The Coast Guard had taken him to ports all across America and the Caribbean, and he’d always waited until the need was truly upon him before taking a nocturnal trip off the ship to find someone worth killing. They were usually men, though two had been women. He didn’t act impulsively, careful to cover his tracks. There was nothing sexual about it, no ritualism or bloody messages. And he never spoke to his victims, gave no explanations as they watched him screw a silencer onto the end of his pistol, some pleading, others praying.
It was a release, and it was fun. The words serial killer never entered his thoughts.
He would never talk about that part of his life with his big sister, either.
• • •
As October drew to a close, Liz faced a steadily growing list of problems. Fresh water remained a constant issue, and despite the supplies from the cannery, feeding more than fifty people every day was becoming a real drain on their resources. The scavenging parties were forced to travel farther beyond the ship’s sphere of control. One such run resulted in two civilians being killed outright, and the fish and game warden returning freshly bitten.
Charlie quietly took care of him that very night.

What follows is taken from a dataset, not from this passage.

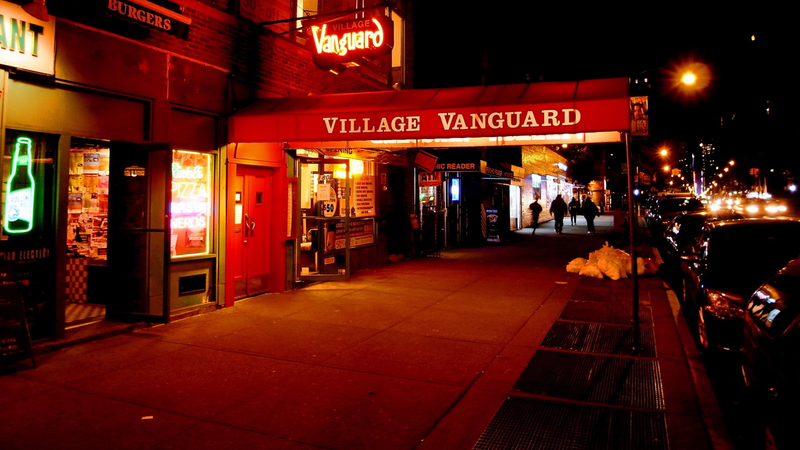 The Night the Music Made Sense — Coltrane, The Vanguard, and a Question That Didn't Need Explaining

Liz decided that the extended raids must have stirred up the dead, because the rifle positions at Amy’s two defensive dump trucks fired much more regularly as the dead drifted in, costing precious ammo. They were starting to slip past at night too, and one Whiskey-Delta even got into the Coast Guard station itself and killed a twelve-year-old girl. Generator-powered lights were set up on the lawn, allowing the sentries to spot and stop the dead as they came out of the night, but generators used fuel. More resources being depleted.
The Guardian Ethos of the Coast Guard was a code by which Liz had lived her entire adult life. Part of it stated, I serve the citizens of the United States. I will protect them. I will defend them. I will save them. I am their shield. But Elizabeth was
finding it increasingly difficult to view these refugees—especially those who appeared to make little in the way of contribution—as the people she was supposed to be protecting. More and more they felt like a burden, and their losses no longer mattered to her beyond the resulting change in logistics.
In the span of two days there was an incident of rape in the Coast Guard station’s barracks and an attempted theft of weapons and supplies as a man tried to escape into the night. Both offenders were civilian refugees.
Liz had them both hanged, not even bothering to attend. Amy Liggett was ordered to preside over the executions.
Charlie Kidd handled the rope.
NINETEEN
January 12—Nimitz
Rosa was cold, and the thin scrubs, now soaked to the waist, did little to protect her. Her sneakers slid across a metal deck two feet below the surface of waters that were only a few degrees north of freezing, and her teeth chattered behind clenched jaws. Rosa’s medical knowledge told her that hypothermia wouldn’t be far off if she didn’t find a way to get out of this water and warm up.
But there was no time.
Michael was down here somewhere, and he would be cold too. Would he be smart enough—would he be able—to get himself out of the water? A baritone gurgle came from the darkness somewhere ahead, and she knew that Nimitz was not only taking on water but also moving. She felt the motion in her body, a subtle tremble and the vaguest of rocking. When she put her light on the corridor she saw the surface canted slightly to the left, in line with the ship’s list, and as the ruptured hull took on more of the bay, every space in that direction would flood more quickly than those to starboard. When she reached an intersection, she headed to the right. Hopefully Michael would have done the same.